Junto a Gloria recordó cuando le quisieron poner una vacuna para “volverlo hombre”, las consultas con un psicólogo y la golpiza que le dio un día su hermano mayor, detonante de su mudanza a La Habana con solo 19 años, donde lo alojó una tía suya.
También visitó de pasada la casa de Maloja, en Centro Habana. Allí vive ahora su hermano menor y le quedan dos amigos en el barrio. Pero ya no reconoce su calle. Su mayor sorpresa del viaje, no obstante, fue el reencuentro con Gerardo Gómez, quien lo llevó hasta un bar gay que está frente al malecón.
“Para mí es increíble ver cómo ha cambiado todo, por ejemplo, ver a los travestis en la calle, que eso era impensable en mis tiempos. Es más, no se podía ni soñar hasta que salí, si mis amigos estuvieran vivos y vieran lo que está pasando, ¿qué dirían?

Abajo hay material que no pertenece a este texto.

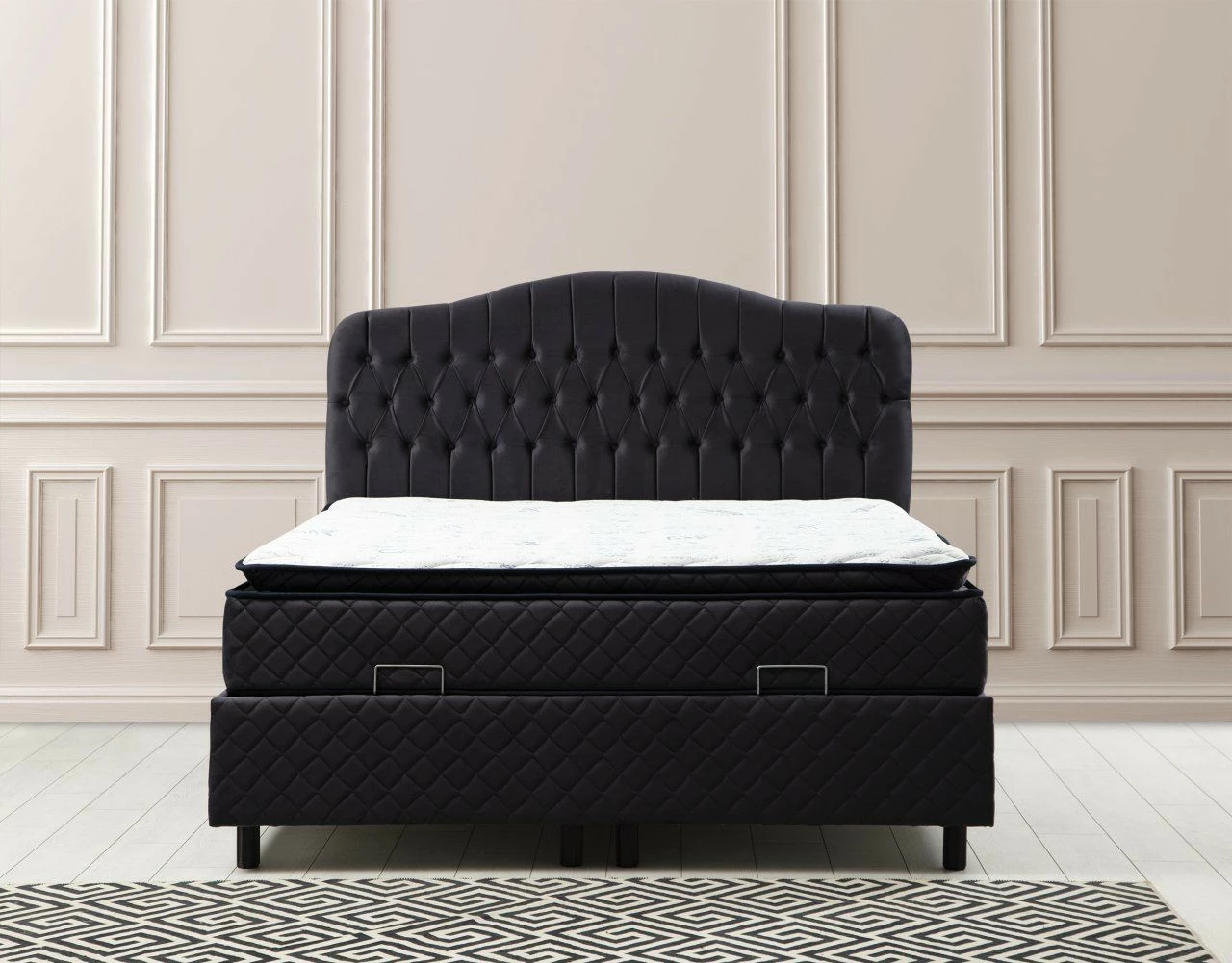 Set dysheku, baza dhe shtrati, ngjyrë antracit, Skye Decor, 140x200 v2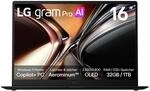 LG gram Pro 16 16Z90U-K.AUB8GN 16 Zoll WQXGA+ OLED Copilot+ Notebook, Intel Core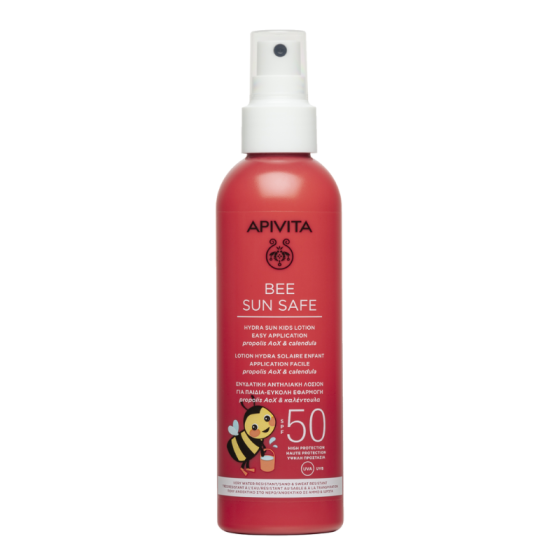 Apivita Bee Sun Safe Детски слънцезащитен спрей за лице и тяло SPF50 200 мл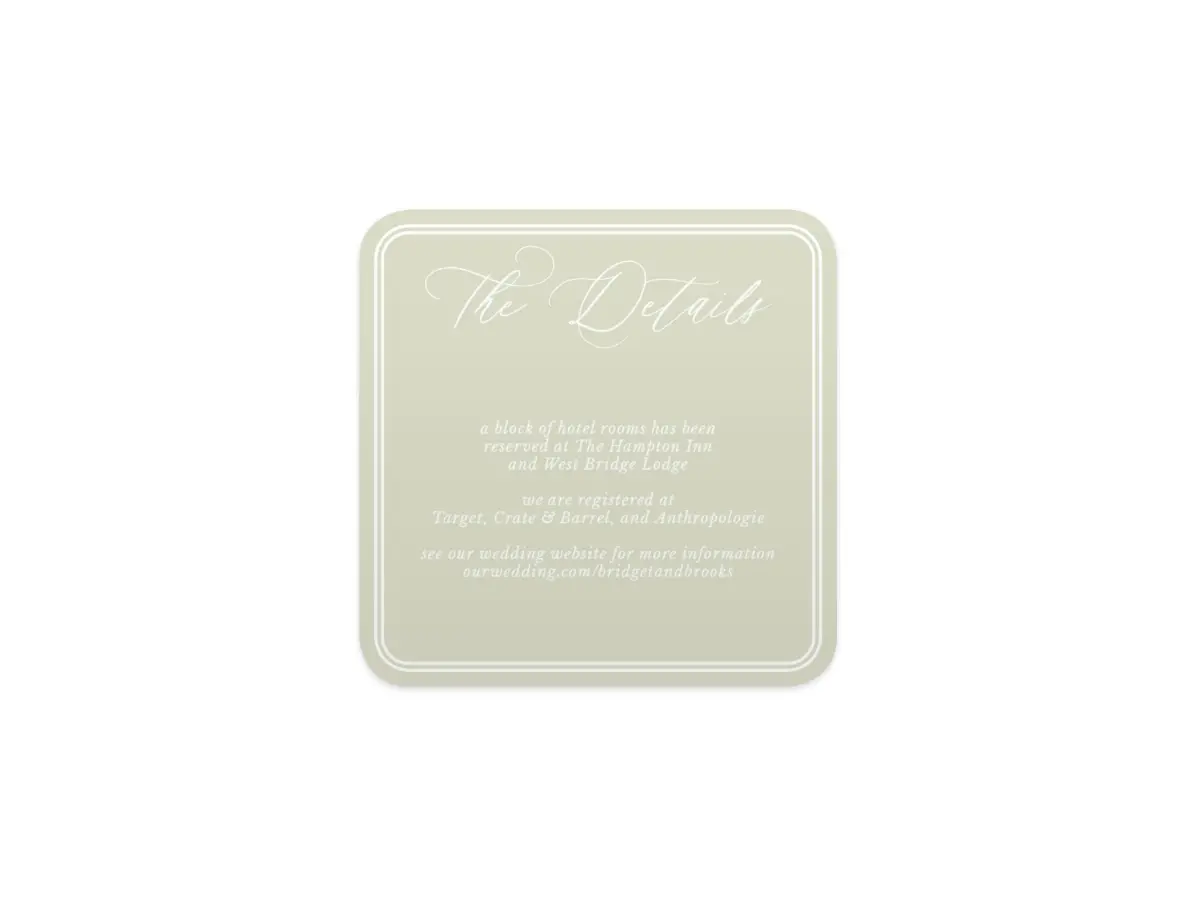 Wedding Invitation Shapes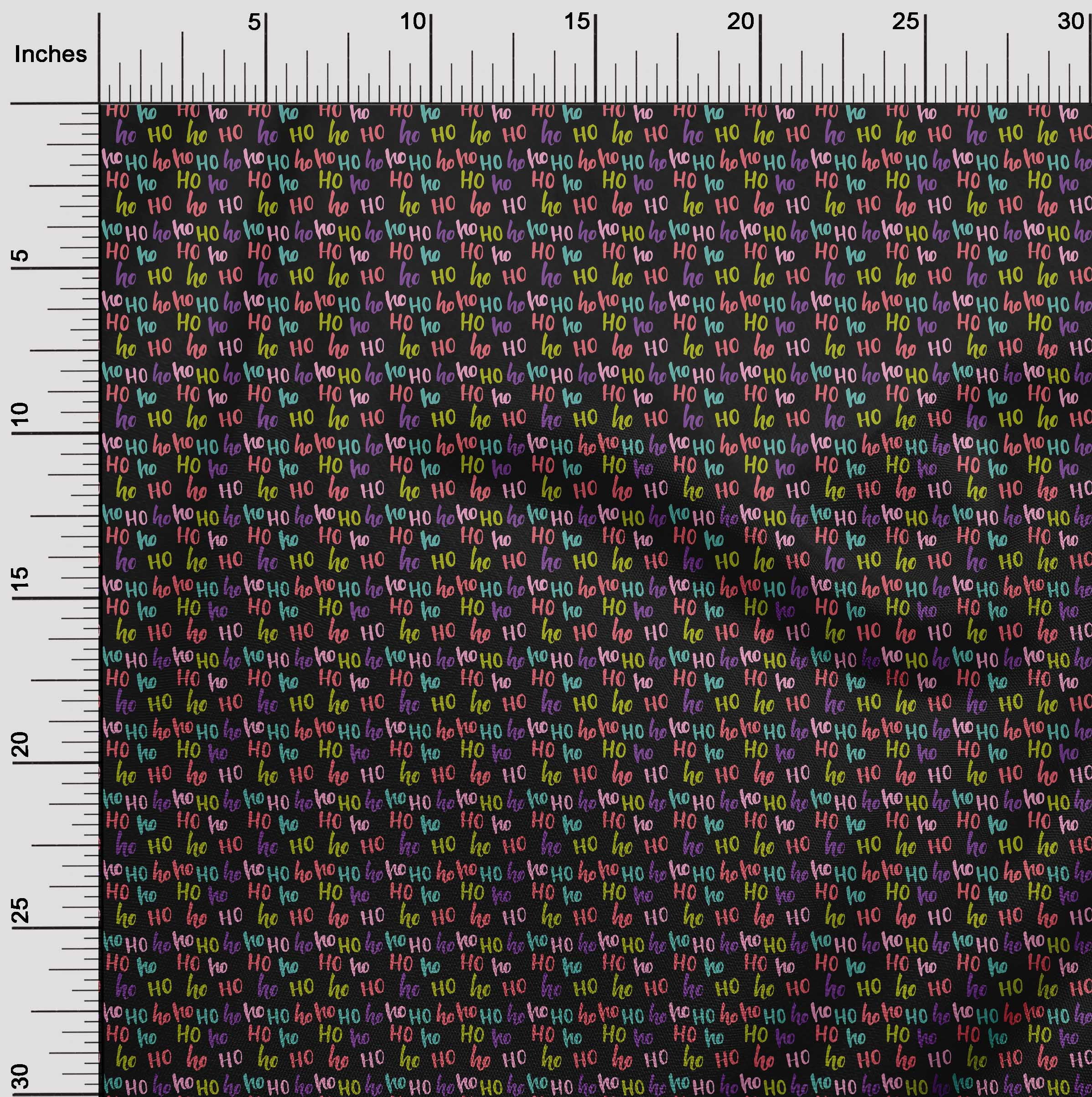 oneOone Cotton Silk Black Fabric Christmas Sewing Material Print Fabric By The Yard 42 Inch Wide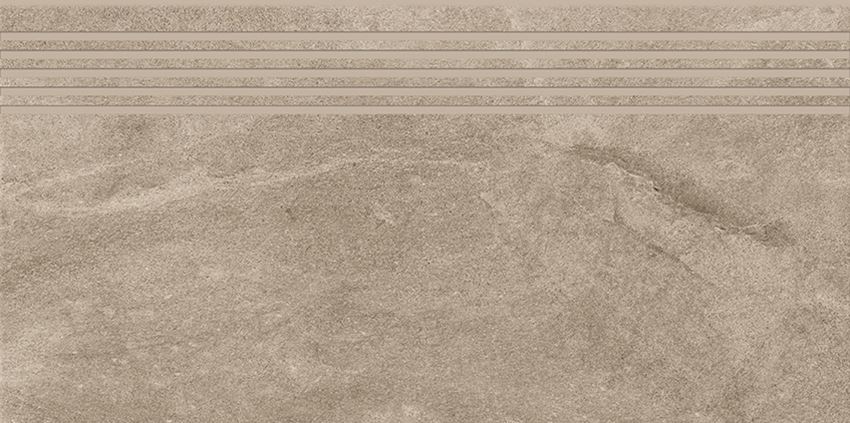 Płytka stopnicowa 29,8x59,8 cm Cersanit Marengo light grey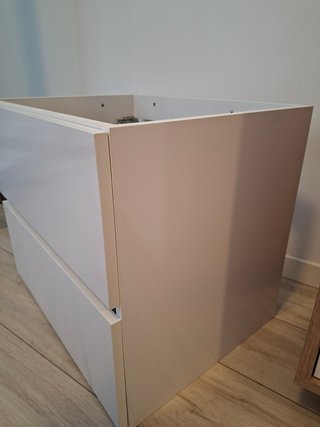 Mueble baño colgante blanco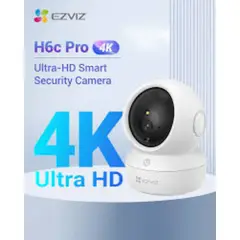 EZVIZ - Cámara Inteligente H6c Pro 8MP 4K WiFi 6 Dual Band 2.4/5GHz PaneoInclinación 360°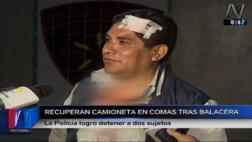 Comas: caen con camioneta robada tras persecución y balacera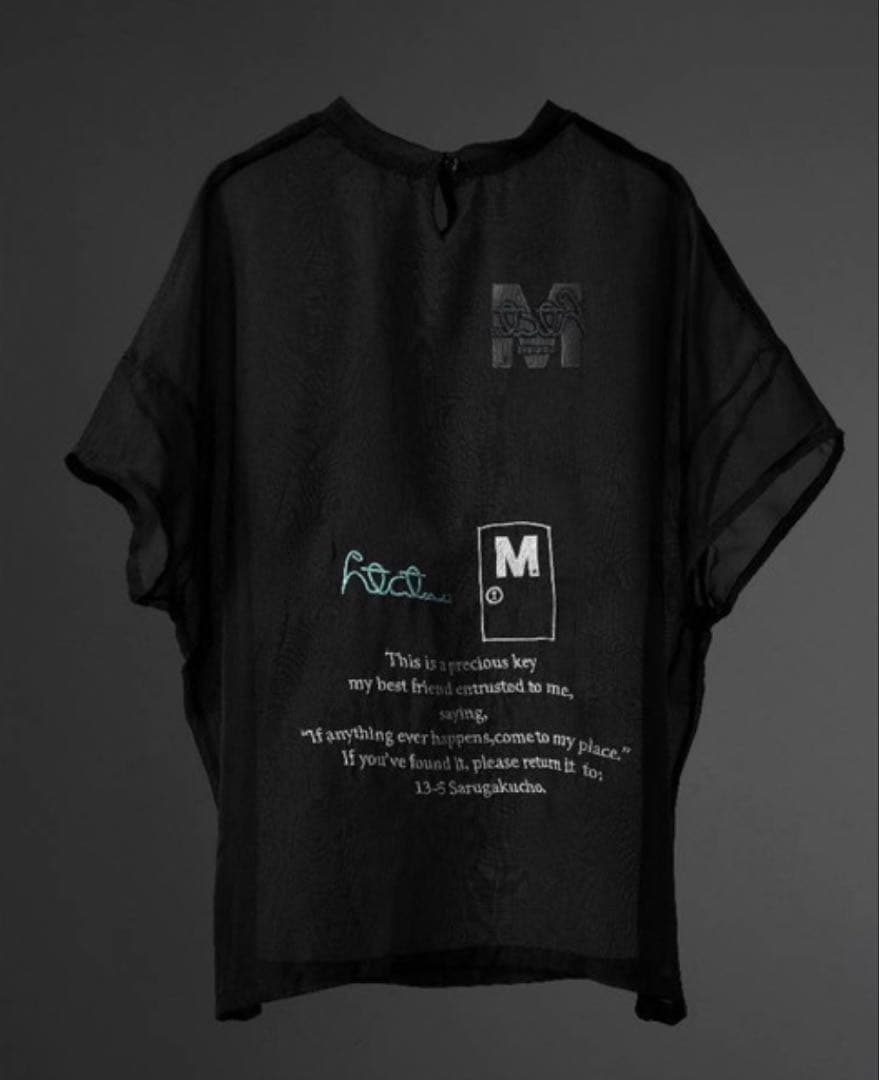 【新品】UVERworld TAKUYA∞の創り方 SHEER シャツ 黒 L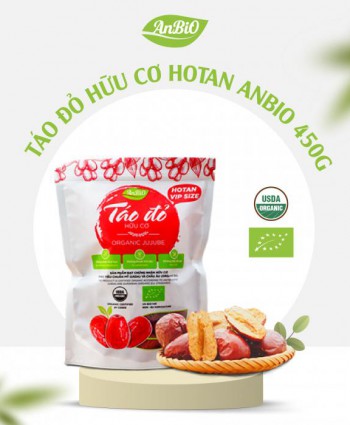 TÁO ĐỎ HOTAN HỮU CƠ VIP SIZE ANBIO 450G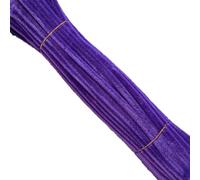 CHUYIX Lot de 100 cure-pipes en fil chenille en peluche - Baguettes torsadées colorées - Pour enfants - Pour la maternelle et la famille - Pour le plaisir et la décoration DIY - Violet foncé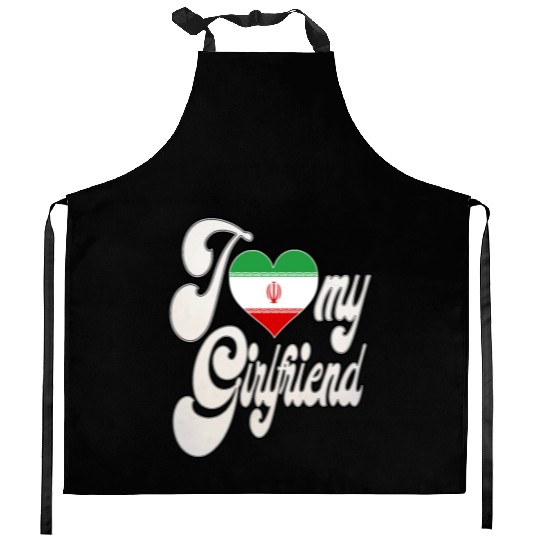 IranI Love My Iranian Girlfriend Kitchen Aprons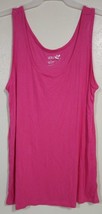 Terra &amp; Sky Women&#39;s Plus Super Soft Rib Layering Tank Top, Pink Size IX ... - £11.65 GBP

“Soy una persona muy optimista, pienso en el futuro y en las generaciones nuevas que no tendrán que pasar lo que pasamos nosotros, si se educan bien. Van a vivir mejor, para mí eso es muy importante”, concluye.
Mas eso, piensa Guzmán, solo será posible mientras la desmemoria no devore su historia, como hizo ya con la bahía del Mariel, convertida ahora en una importante zona económica, donde los nuevos aires que soplan eclipsan el triste pasado.